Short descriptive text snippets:
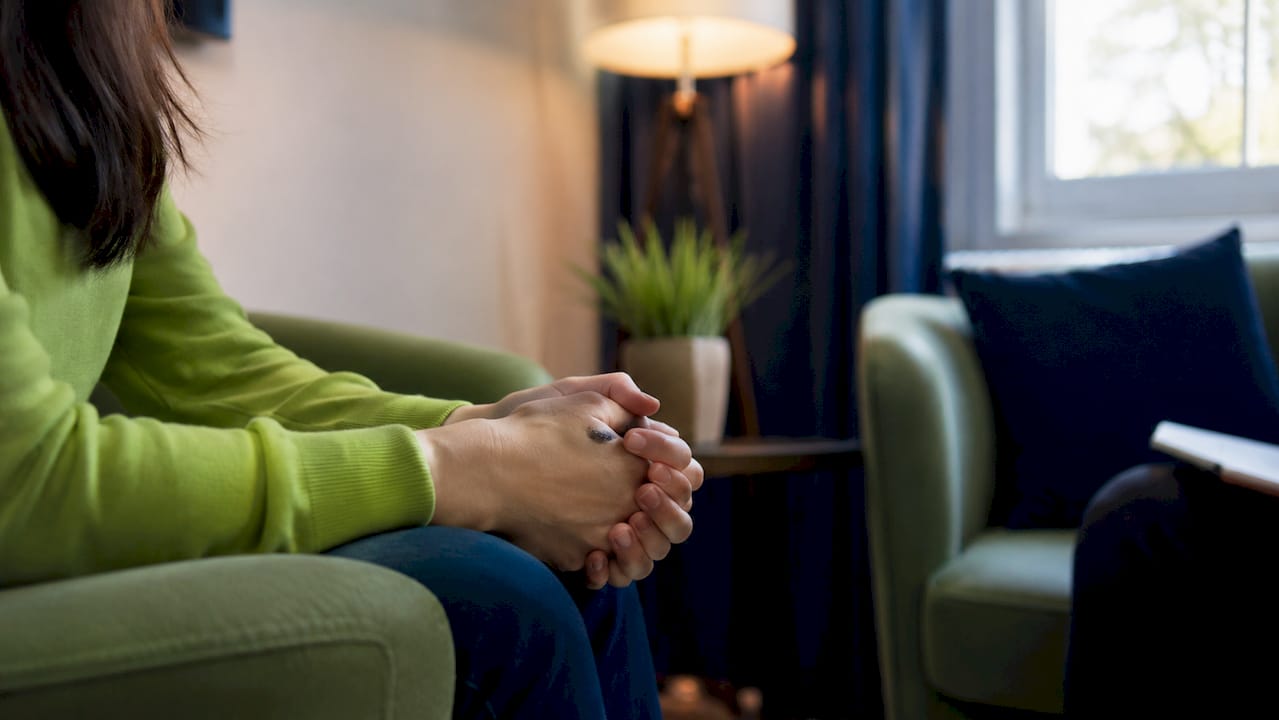 Hands folded calmly during therapy session
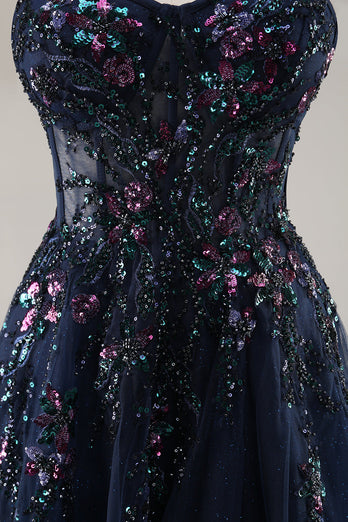 Sparkly Green Floral Corset Tulle Long Prom Dress with Appliques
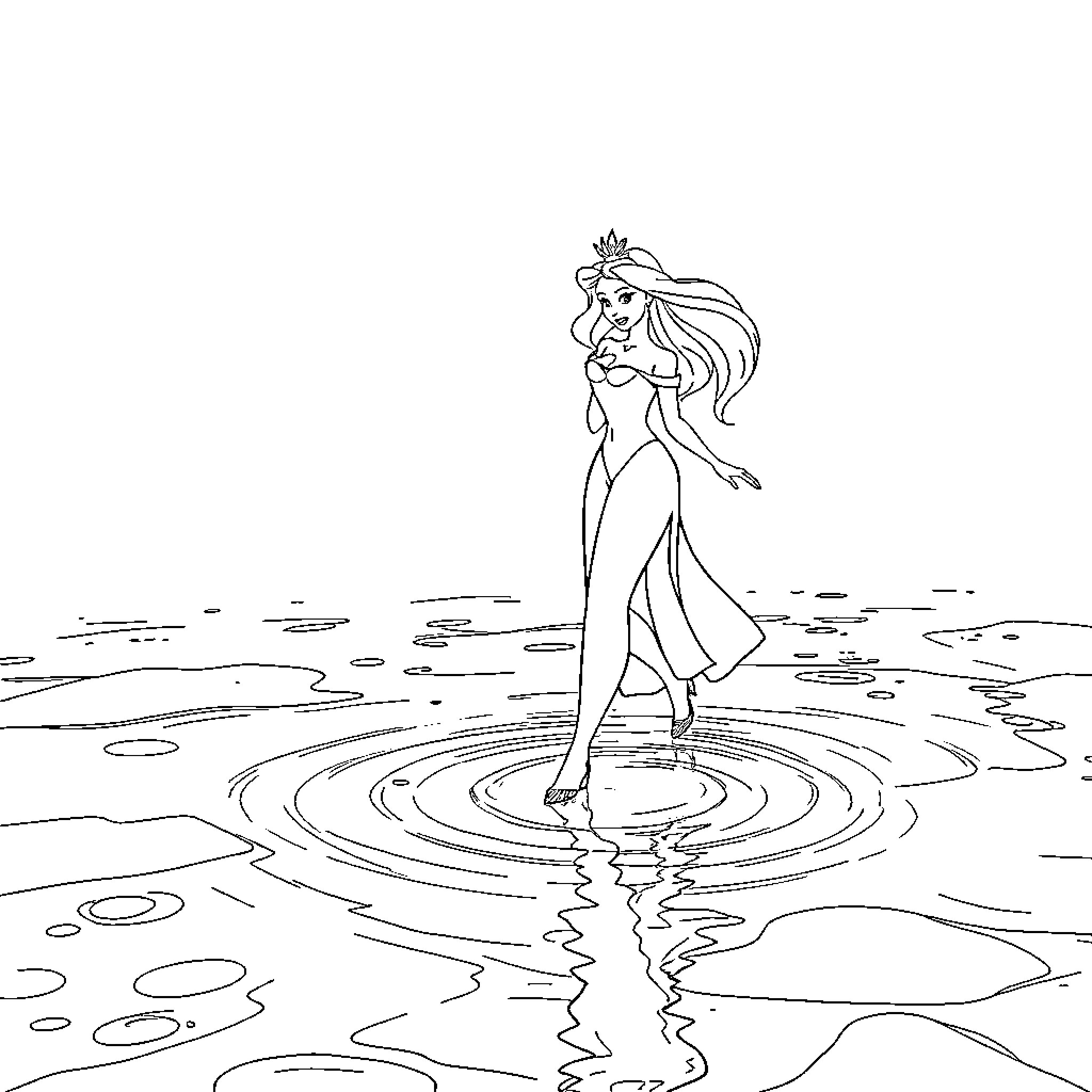 Disney Princess wading gracefully in the water Coloring Page (free black-and-white line drawing printable PDF for all, from beginners to advanced learners, including children, teens, adults, and seniors)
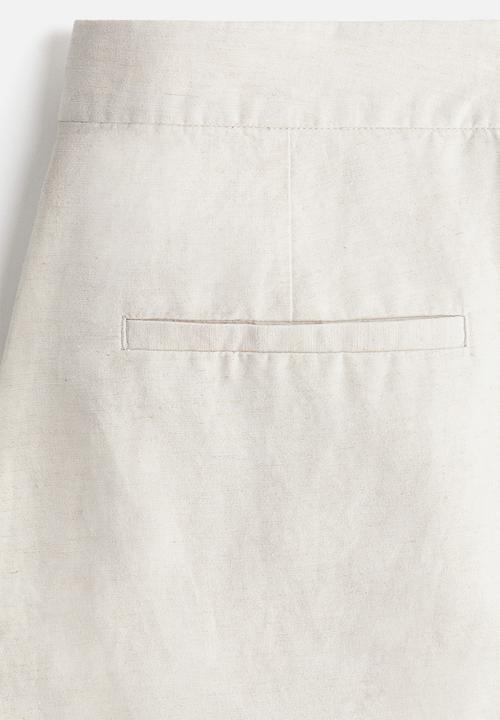 H&M - Tailored linen-blend trousers - light beige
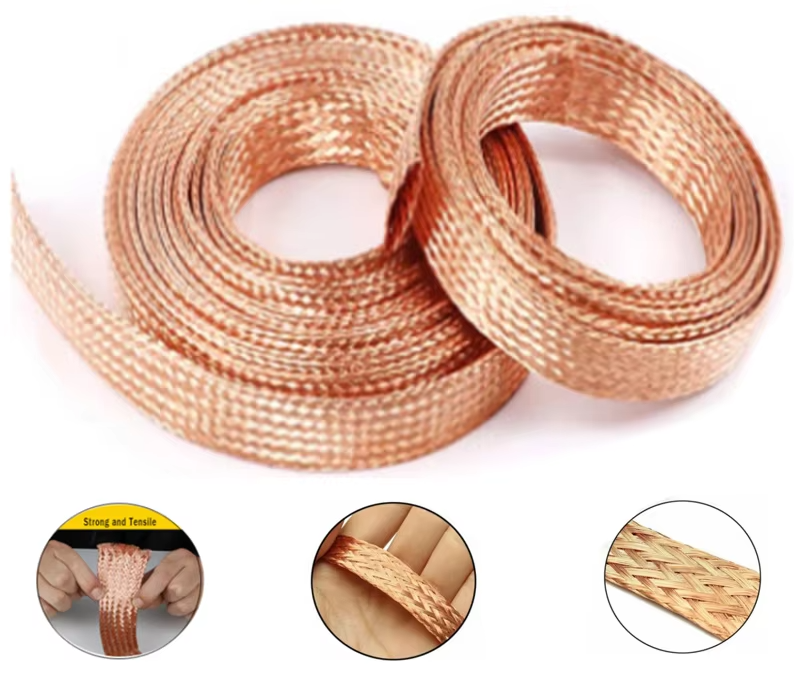 1M – 25M Pure Copper Braid Knitted Mesh Cable – Anti-Interference Flat Wire Protection, Flexible Expandable Sleeving (4mm-25mm Width)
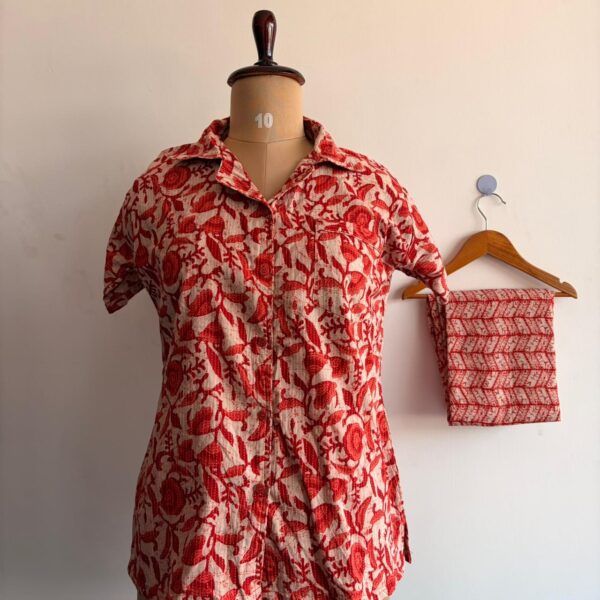Red And Cream Floral Printed Kantha Cotton Shirt Pyjama Set | Free Size|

_What needs to be done_: Pick up at the line that holds "1M – 25M Pure" and restate each line, word for word, through the last line of the entries. Include both end lines but none of the pictures.

_Answer box_:
 1M – 25M Pure Copper Braid Knitted Mesh Cable – Anti-Interference Flat Wire Protection, Flexible Expandable Sleeving (4mm-25mm Width)
Red And Cream Floral Printed Kantha Cotton Shirt Pyjama Set | Free Size|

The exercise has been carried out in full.